On leaving Messrs. Walker and Burges, he was appointed to the engineering staff of the London and Birmingham Railway, and became Resident Engineer of the Leamington branch line in 1844. Subsequently, for Mr. McClean, he was entrusted with the surveys for the South Staffordshire line, and later, the levels for the Henley water project were taken by him, also for Mr. McClean.
He afterwards became concerned in mining-work, to which he was mainly devoted during the remainder of his career, although he occasionally made excursions into the domain of his early surveying experience, as, for instance, when he laid down the line and levels for the keel of the “Great Eastern" steamship, in which piece of delicate work he acquitted himself to Mr. Brunel’s satisfaction.
In conjunction with Mr. T. Sopwith he wrote a report on the Belgian coalfields, and of late years became identified with mining- and quarrying-operations in Wales. An instance of his disinterestedness may be mentioned as an indication of the man’s character. A kinsman of one of his friends was bitten by the taking appearance of a coalfield in Wales, and by the would-be vendor’s picture of its advantages. Smith at once showed him that it was on the edge of the seam, and of very doubtful value. This opinion, entirely confirmed by the highest authority of the day at the Royal School of Mines, was given without fee or reward, and the same careful attention bestowed on the matter as if encouraged by a heavy retainer.
His interest in the Institution was displayed periodically by his undertaking, for more than twenty years, the office of one of the scrutineers of the ballot for the election of the President and Council, a piece of tedious drudgery which can only be confided to members of the Corporation taking part in the Annual Meeting. In order to lighten this labour, which is carried on at high pressure for an hour and a half, and the results of which are impatiently expected in the meeting-room, Mr. Smith borrowed, from the coal-scores in collieries, a system of grouping the votes against each candidate’s name, in such a way that instead of finding, when counting-time came, a confused mass of units, each to be counted separately, there was presented a small and easily separated number of IIII IIII. In this way that which might otherwise be likened to a line of letters became a line of words, and the labour of counting up the votes was greatly lessened. His somewhat sudden collapse in health was a surprise to many of his friends, for although attaining the allotted human span of three score years and ten, his well-proportioned frame and the thorough working order of the living machine, resultant on a well-ordered and temperate life, enlightened by a clear conscience, would lead many to suppose he was a decade younger than in reality he was, and that many working years were yet in store for him. An intimate acquaintance of fully half a century leads the compiler of this notice to surmise that the terms used above, apparently eulogistic, are in reality in nowise exaggerated.
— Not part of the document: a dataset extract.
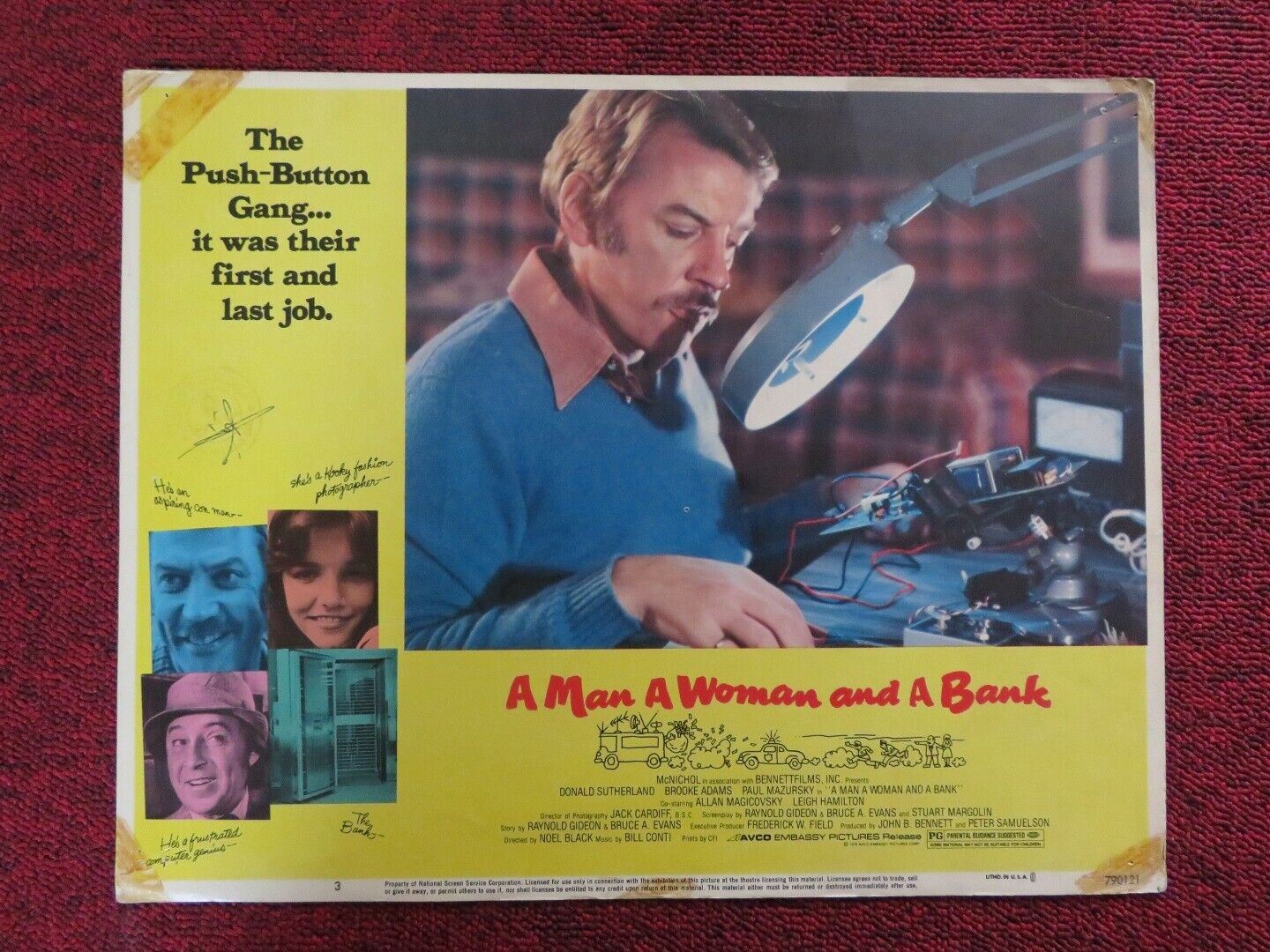 A MAN A WOMAN AND A BANK - 3 US LOBBY CARD DONALD SUTHERLAND 1979 - Rendezvous Cinema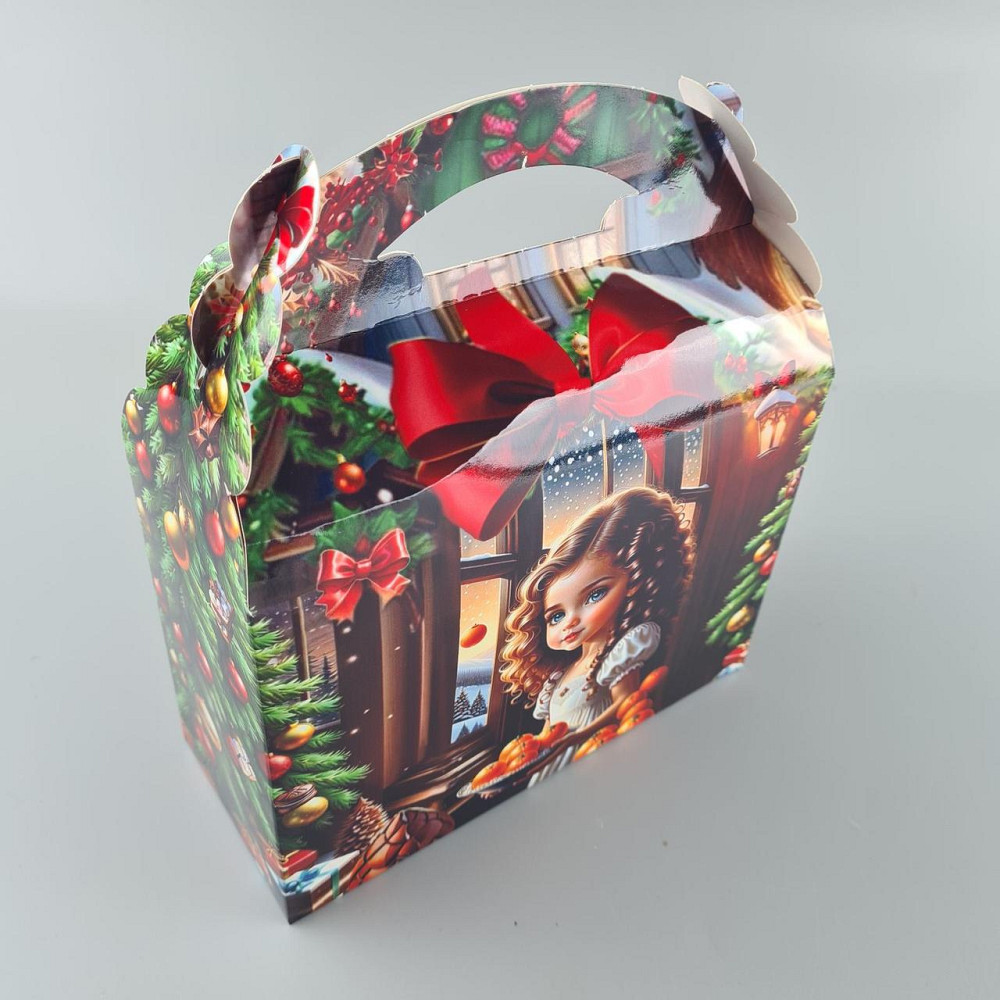 Новорічна подарункова картонна упаковка для цукерок (800 гм) No211 "Дівчатка" (1 шт.) Харків - фото 4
Macdougall Smith‘s life illustrated the truth- “Better is he that ruleth his spirit (and he had one) Than he that taketh a city.”
He was elected a Graduate on the 24th of March, 1840, having previously received a Telford Medal for his Paper on the Pont-ytu-Prydd. Six years afterwards, on the 17th of February, 1846, he was transferred to the class of Member. He died, to the great grief of his family and friends, and to the unaffected regret of a very large circle of acquaintance, on the 21st of January, 1886. Four days later his remains were interred in Brompton Cemetery, in the presence of a representative concourse of the friends and associates among whom, in the very headquarters of engineering, he had passed the greater part of his life.